The full documentation is at http://ejml.org/javadoc/.

7. Breeze

Introduction

Breeze is a Scala libary for machine learning and numerical computing. It contains matrix and vector classes and many other components such as statistical distributions, optimization, integration, etc. Since this library is written in Scala, the syntax is generally more elegant and convenient than those implemented in pure Java.

Installation

At the time of writing there is no officially provided .jar file on the web, so it is suggested to build the library from source code, which may take some efforts.

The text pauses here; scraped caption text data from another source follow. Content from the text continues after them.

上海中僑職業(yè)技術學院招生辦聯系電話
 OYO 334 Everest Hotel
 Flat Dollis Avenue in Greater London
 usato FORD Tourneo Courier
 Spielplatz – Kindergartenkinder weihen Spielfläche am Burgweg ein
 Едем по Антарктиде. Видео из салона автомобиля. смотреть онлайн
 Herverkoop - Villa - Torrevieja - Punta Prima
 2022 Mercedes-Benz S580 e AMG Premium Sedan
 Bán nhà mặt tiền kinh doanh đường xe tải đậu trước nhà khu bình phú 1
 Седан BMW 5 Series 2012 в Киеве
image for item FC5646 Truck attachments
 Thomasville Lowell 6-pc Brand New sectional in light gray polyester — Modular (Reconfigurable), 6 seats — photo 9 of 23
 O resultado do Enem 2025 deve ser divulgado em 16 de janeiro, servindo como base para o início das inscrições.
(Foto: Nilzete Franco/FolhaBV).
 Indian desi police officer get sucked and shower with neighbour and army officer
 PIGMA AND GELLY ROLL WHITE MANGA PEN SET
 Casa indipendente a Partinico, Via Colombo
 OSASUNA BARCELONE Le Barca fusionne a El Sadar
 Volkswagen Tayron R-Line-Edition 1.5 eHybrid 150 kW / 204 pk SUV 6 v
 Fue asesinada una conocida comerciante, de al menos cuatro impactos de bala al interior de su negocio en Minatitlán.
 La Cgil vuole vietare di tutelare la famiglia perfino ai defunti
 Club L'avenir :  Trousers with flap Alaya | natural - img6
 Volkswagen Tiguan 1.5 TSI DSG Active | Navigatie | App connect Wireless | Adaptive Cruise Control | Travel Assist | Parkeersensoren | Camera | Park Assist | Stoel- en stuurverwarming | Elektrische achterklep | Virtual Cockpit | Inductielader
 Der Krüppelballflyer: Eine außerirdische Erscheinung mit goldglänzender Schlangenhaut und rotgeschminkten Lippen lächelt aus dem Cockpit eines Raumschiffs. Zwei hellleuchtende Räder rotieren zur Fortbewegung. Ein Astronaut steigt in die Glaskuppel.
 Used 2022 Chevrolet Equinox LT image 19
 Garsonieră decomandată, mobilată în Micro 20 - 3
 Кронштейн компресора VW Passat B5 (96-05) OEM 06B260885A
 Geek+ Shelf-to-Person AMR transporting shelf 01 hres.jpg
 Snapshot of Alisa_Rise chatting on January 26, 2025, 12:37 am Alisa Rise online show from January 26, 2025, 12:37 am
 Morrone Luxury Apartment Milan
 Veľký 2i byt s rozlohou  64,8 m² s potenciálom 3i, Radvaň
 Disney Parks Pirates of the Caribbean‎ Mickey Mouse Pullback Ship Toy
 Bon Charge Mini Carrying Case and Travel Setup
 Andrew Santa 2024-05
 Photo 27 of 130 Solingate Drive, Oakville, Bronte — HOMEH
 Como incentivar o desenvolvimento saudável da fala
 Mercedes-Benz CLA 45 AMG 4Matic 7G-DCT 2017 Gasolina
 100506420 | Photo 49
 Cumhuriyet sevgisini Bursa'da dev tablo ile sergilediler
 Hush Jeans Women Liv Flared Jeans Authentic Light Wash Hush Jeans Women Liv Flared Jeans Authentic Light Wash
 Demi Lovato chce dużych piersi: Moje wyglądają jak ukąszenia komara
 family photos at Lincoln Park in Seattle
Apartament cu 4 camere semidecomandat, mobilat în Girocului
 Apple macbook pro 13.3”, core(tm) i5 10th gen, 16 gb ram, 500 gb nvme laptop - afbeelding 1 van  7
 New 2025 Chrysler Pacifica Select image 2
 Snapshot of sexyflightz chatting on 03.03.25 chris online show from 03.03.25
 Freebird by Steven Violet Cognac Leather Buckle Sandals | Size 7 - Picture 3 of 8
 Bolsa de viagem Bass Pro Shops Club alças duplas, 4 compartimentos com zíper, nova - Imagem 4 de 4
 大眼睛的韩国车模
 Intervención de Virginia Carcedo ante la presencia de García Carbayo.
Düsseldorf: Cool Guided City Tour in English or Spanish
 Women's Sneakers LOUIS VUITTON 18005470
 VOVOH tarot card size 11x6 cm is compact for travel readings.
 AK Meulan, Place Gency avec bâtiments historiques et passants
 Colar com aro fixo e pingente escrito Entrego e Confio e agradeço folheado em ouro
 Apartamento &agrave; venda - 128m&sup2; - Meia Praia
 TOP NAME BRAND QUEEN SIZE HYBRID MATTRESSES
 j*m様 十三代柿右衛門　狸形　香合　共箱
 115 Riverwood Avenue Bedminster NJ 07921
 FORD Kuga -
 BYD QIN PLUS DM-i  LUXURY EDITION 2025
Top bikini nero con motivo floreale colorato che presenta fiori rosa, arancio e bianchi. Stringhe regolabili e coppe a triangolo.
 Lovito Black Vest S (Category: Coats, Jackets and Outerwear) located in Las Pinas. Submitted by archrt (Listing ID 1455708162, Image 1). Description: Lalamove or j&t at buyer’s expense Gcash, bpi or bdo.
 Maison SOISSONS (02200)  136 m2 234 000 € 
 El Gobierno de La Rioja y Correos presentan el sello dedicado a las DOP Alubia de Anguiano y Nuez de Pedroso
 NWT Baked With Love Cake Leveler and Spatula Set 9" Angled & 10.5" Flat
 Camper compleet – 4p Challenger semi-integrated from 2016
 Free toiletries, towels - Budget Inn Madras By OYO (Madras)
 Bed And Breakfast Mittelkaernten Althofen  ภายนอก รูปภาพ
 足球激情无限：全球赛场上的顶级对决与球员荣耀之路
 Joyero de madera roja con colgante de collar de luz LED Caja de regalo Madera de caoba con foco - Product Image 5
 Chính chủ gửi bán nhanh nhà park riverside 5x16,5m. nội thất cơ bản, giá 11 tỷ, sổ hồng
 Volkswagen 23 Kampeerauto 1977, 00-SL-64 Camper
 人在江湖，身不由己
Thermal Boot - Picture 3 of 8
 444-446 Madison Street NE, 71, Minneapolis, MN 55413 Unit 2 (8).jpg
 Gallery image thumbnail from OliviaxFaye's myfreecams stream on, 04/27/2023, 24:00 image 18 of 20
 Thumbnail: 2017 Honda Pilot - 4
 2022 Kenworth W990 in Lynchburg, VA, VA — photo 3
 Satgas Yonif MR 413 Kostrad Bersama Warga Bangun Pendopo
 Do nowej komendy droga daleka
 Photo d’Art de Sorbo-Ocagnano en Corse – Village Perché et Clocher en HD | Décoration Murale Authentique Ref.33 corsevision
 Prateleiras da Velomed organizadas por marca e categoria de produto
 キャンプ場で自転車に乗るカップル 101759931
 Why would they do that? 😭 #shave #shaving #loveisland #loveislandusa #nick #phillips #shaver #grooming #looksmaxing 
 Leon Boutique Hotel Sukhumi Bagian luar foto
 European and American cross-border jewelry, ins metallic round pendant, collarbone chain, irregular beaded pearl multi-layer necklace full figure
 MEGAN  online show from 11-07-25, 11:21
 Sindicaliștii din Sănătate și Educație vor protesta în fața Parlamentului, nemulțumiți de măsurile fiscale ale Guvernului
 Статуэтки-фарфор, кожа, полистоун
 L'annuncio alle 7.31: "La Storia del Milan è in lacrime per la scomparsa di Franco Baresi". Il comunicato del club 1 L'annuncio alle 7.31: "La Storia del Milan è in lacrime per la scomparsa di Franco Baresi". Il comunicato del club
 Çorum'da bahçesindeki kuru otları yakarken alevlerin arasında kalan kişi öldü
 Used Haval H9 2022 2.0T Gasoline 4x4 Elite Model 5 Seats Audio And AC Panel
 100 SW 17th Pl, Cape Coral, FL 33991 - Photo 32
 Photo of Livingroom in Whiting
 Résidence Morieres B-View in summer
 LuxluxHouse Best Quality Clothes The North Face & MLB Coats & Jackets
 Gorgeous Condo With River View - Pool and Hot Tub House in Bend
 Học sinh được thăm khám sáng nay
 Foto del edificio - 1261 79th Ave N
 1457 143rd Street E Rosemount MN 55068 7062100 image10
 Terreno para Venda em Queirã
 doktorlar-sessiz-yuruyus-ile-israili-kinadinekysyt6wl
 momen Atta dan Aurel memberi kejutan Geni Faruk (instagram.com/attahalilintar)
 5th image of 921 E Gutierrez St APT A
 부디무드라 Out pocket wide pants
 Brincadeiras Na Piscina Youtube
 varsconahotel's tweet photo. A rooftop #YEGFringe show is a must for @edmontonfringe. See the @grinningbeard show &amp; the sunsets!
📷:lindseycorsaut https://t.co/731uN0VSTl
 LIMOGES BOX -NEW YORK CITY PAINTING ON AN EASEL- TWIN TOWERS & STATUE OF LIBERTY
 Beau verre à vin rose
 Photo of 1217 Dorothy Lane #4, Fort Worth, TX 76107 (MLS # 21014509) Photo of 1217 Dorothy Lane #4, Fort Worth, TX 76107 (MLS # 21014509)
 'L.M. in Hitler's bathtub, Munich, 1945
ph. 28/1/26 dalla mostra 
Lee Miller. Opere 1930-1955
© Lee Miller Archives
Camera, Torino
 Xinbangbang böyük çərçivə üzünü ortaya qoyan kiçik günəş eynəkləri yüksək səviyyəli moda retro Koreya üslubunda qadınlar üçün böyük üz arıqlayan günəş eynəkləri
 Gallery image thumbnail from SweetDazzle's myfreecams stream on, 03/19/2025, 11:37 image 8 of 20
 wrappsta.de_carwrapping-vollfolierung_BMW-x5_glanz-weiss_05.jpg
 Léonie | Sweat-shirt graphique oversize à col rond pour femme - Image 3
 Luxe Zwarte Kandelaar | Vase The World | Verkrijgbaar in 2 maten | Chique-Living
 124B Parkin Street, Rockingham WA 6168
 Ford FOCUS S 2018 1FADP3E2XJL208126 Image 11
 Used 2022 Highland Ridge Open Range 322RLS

The following commands automatically downloads the source code of Breeze and a necessary building tool sbt, and then builds the .jar file from source.

cd ~/scala_lib
wget https://github.com/scalanlp/breeze/archive/master.zip
unzip master.zip
cd breeze-master
wget https://dl.bintray.com/sbt/native-packages/sbt/0.13.9/sbt-0.13.9.tgz
tar xzf sbt-0.13.9.tgz
./sbt/bin/sbt assembly
mv target/scala-2.*/breeze-*.jar ..
cd ..
rm master.zip
rm -r breeze-master

Usage Example

In Scala console,

// Import library
import breeze.linalg._
import breeze.numerics._

// Create the matrix
val A = DenseMatrix.zeros[Double](3, 6)

// Fill the matrix with random numbers
val r = new scala.util.Random(0)

for(i <- 0 until A.rows)
    for(j <- 0 until A.cols)
        A(i, j) = r.nextDouble()

// Set the first value to be the last value
A(0, 0) = A(A.rows - 1, A.cols - 1)

// Get a sub-matrix, 1st row to 3rd row, 1st column to 3rd column
// We need to make a copy here since without it changing B will
// also change A
val B = A( :: , 0 to 2).copy

// Set a sub-matrix of A to B, 1st row to 3rd row,
// 2nd column to 4th column
A( :: , 1 to 3) := B

// Matrix product C=A'B
val C = A.t * B

// Solve linear equation
val a = A( :: , 0)
val x = B \ a

Documention

8. Summary

All the libraries written in Java have similar syntax and function names. There is also a benchmark of matrix operations on different libraries, including the ones mentioned here.

Breeze takes advantage of the Scala syntax, which makes the code more elegant and easier to write. For example matrix elements can be accessed or set using parentheses, and operator overloading allows users to write matrix operations just like in mathematical formulas. Due to this reason Breeze seems to be a good choice for matrix manipulation in Scala.